'''
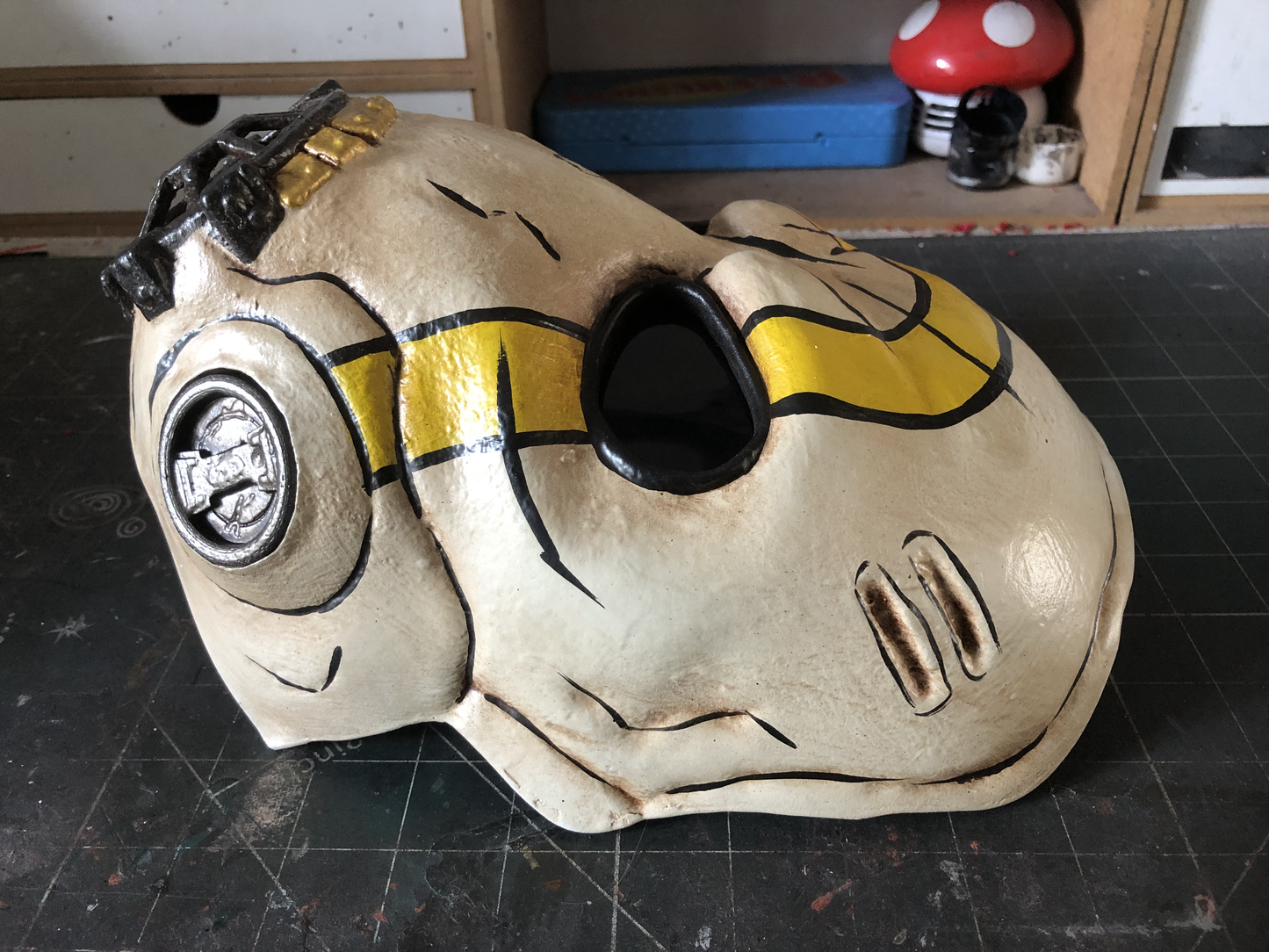 Borderlands Psycho mask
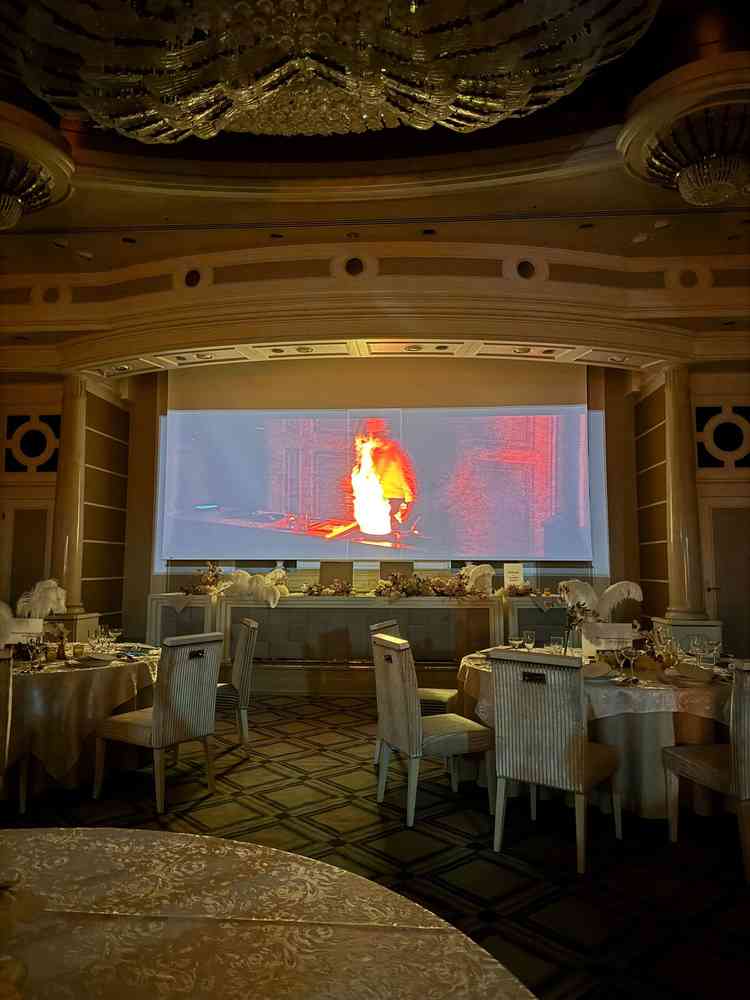 メインディッシュを調理する様子を披露宴会場でリアルタイム投影しており、迫力ある演出でした。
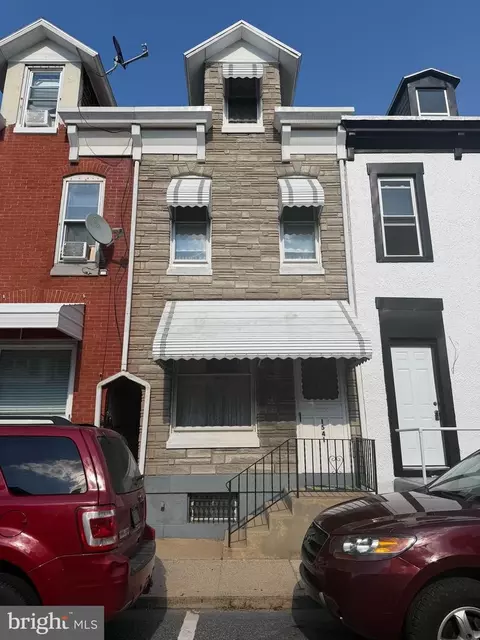 1541 Moss St, Reading, PA 19604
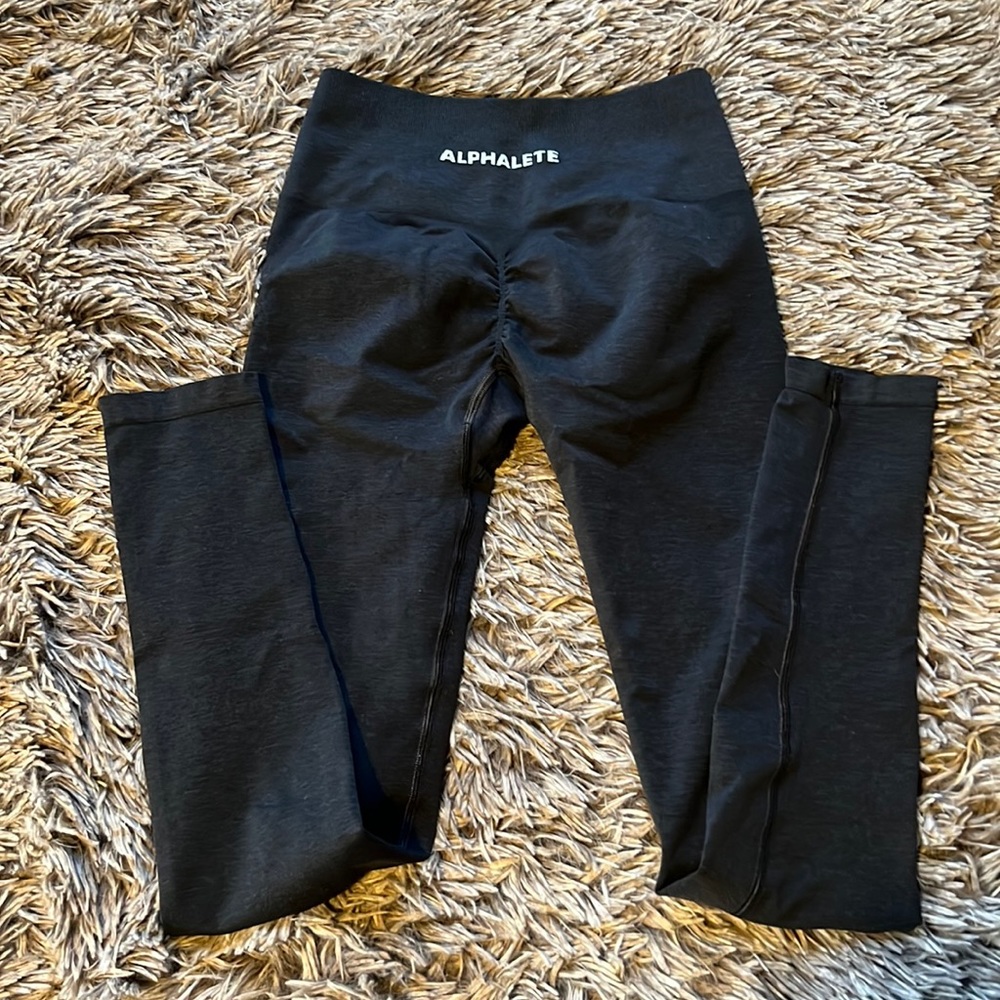 Black Alphalete Amplify leggings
'''
Task statement: The line with "1541 Moss St, Reading, PA 19604" marks the start, and the last line of the material marks the end. Reproduce exactly those two lines and every line between them, without the pictures.

Answer space:
 1541 Moss St, Reading, PA 19604
 Black Alphalete Amplify leggings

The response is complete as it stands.